Holy Motors (2012)
115 min., not rated.
Critics have fallen over themselves praising French auteur Leos Carax's "Holy Motors" as an avant-garde masterpiece, but that's in the eye of the beholder. Whatever it is, it sure is bonkers and a completely singular piece of work that resists easy categorization. While almost too confounding for its own good, it's very much its own animal, being challenging, maddening, seductive, irrepressibly weird, and beautifully transfixing all at once. Strictly made for cinephiles who are open to finding his and her own interpretations, "Holy Motors" is an entrancing, wildly adventurous ride of an arthouse film without a destination. It's more rewarding if you allow it to just wash over you and dazzle in the ways it celebrates the growth of cinema and deconstructs how we perceive movies.
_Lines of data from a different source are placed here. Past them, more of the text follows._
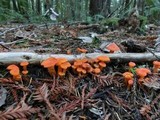 Hygrocybe miniata image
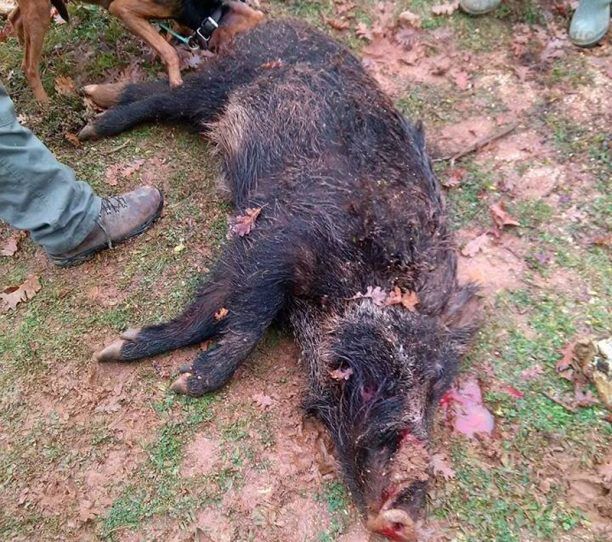 Κυνηγοί βασανίζουν μέχρι θανάτου αγριογούρουνο και ανεβάζουν το κατόρθωμα τους στο facebook (βίντεο)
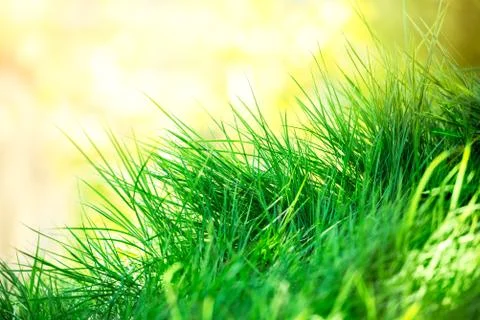 Green grass background Stock Photos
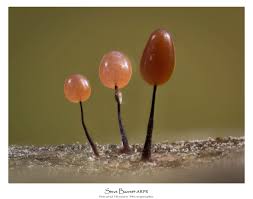 Attēlu rezultāti vaicājumam “Physarum braunianum macro”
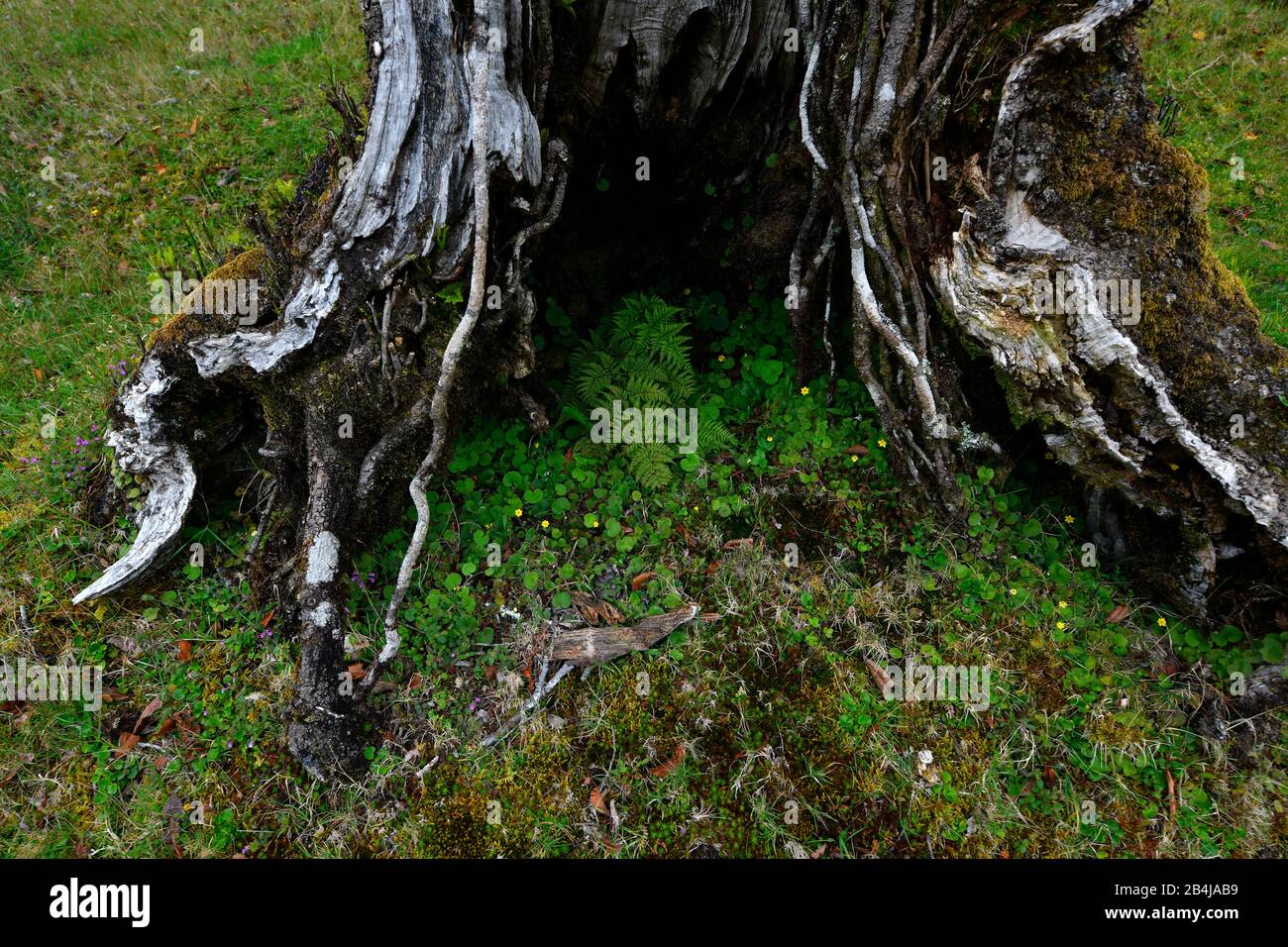 Fern cresce nel riparo di una radice di albero, Old Laurel foresta, anche Laurissilva foresta, con pungente alberi di spina (Ocotea foetens), Fanal, Isola di Madeira, Portogallo Foto Stock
Self-consciously framing itself as a film with a passive theater audience looking in, "Holy Motors" begins with a man waking up to the sounds of an ocean liner's horn and unlocking a hidden door through the wall of his bedroom that leads him to the theater. Then we're off: distinctly odd-looking acting chameleon Denis Lavant performs an astonishing shape-shifting act as Monsieur Oscar, a shadowy character who, one morning, leaves his art-deco home and gets into a stretch limousine for a 24-hour day of nine "appointments." He is driven around Paris by Céline (Edith Scob) and each assignment is explained to him with a dossier from "The Agency" that he reads beforehand. As it turns out, the limo is actually a dressing room, complete with a lighted makeup mirror and trunks of costumes/wigs/prosthetics.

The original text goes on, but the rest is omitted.